With respect to your divestitures question, I think the businesses that we own are, with the exception of CO2 oil and gas because the CO2 pipeline business, they all have a lot of similarities. And so there's synergies in owning them together. I mean, we have one project management group. We've got one pipeline integrity group across all the businesses. And so we are able to have centralized services, and that allows some synergies in owning these together. You can have some similarities in regulatory environments that help you more easily understand these. So they're good cash flow assets. Again, we like the inflation escalators and the products and terminals business. And so there are dyssynergies taking them apart both on the cost side and then potentially on interest. And owning all these businesses together gives us opportunities for conversion.
So we've converted product pipelines to natural gas and natural gas products to crude and crude products to NGLs. So there's opportunities as a result of owning different pipelines. So on the CO2 business, it's a relatively small portion of our business now. It's 7% of our business. We make great returns on that business. There aren't a lot of people who know how to do that. Last time I looked at the projects, I think every project, what, one was well above 20%. So it's not like we're just hitting the minimum thresholds there. Most of them are really nice returns. So I think that's a business that we'll continue to own. But we are rational economic creatures, and so our businesses are for sale every day.

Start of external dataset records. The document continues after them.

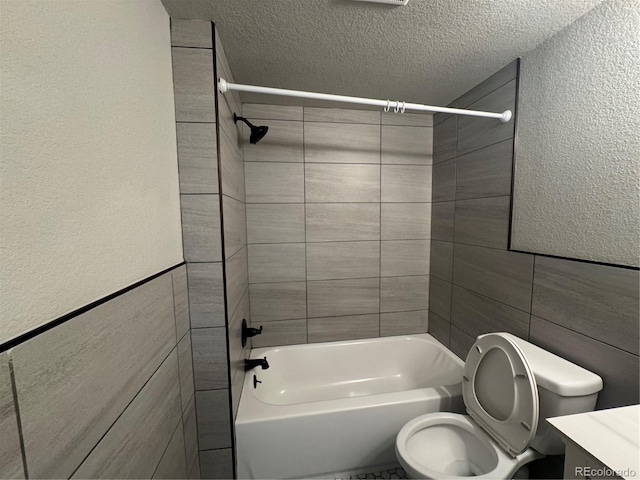 1285 Colorado Blvd Unit 3, Denver, CO 80206 - full bath featuring  shower combination, vanity, tile walls, a textured ceiling, and a textured wall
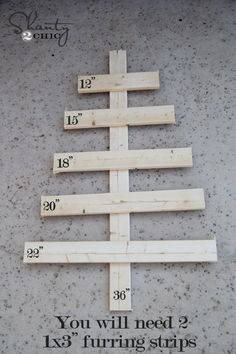 a wooden christmas tree sitting on top of a cement floor next to rulers and numbers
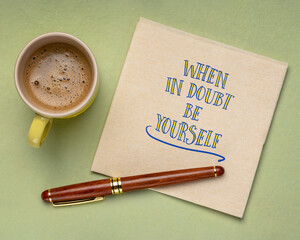 when in doubt be yourself - inspirational advice and reminder, handwriting on a napkin with a cup of coffee, personal development concept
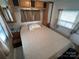 Bright bedroom with a double bed and mirrored closet at 134 Dove Ln, New London, NC 28127
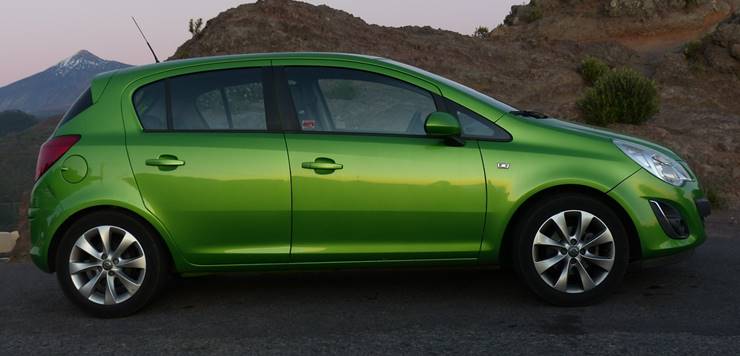 Zeleni automobil Opel Corsa parkiran na proplanku 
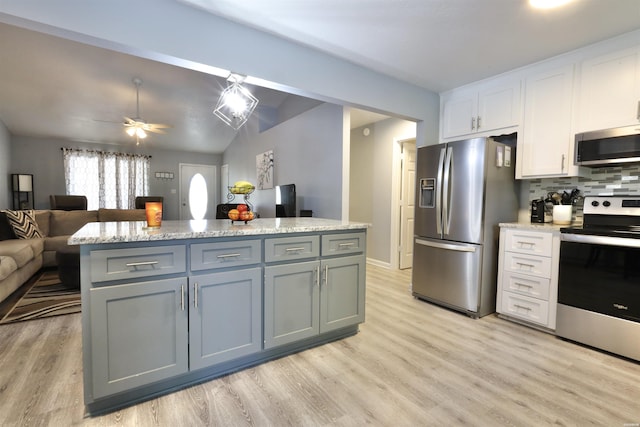 kitchen featuring backsplash, open floor plan, appliances with stainless steel finishes, white cabinets, and light wood finished floors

If we get the right price for our business, we are happy to sell it, take the cash proceeds, and redeploy them into higher returning projects.
I think the only thing I add to that, which is, I think, fairly odd from what Kim said, is in those products and terminal segments where you've got that very consistent cash flow, there's not a whole lot of CapEx investment that we're having to make in those businesses. So basically, you're getting the cash flow off those that are allowing us to then redeploy that capital as it sits right now into more of those gas projects that we have.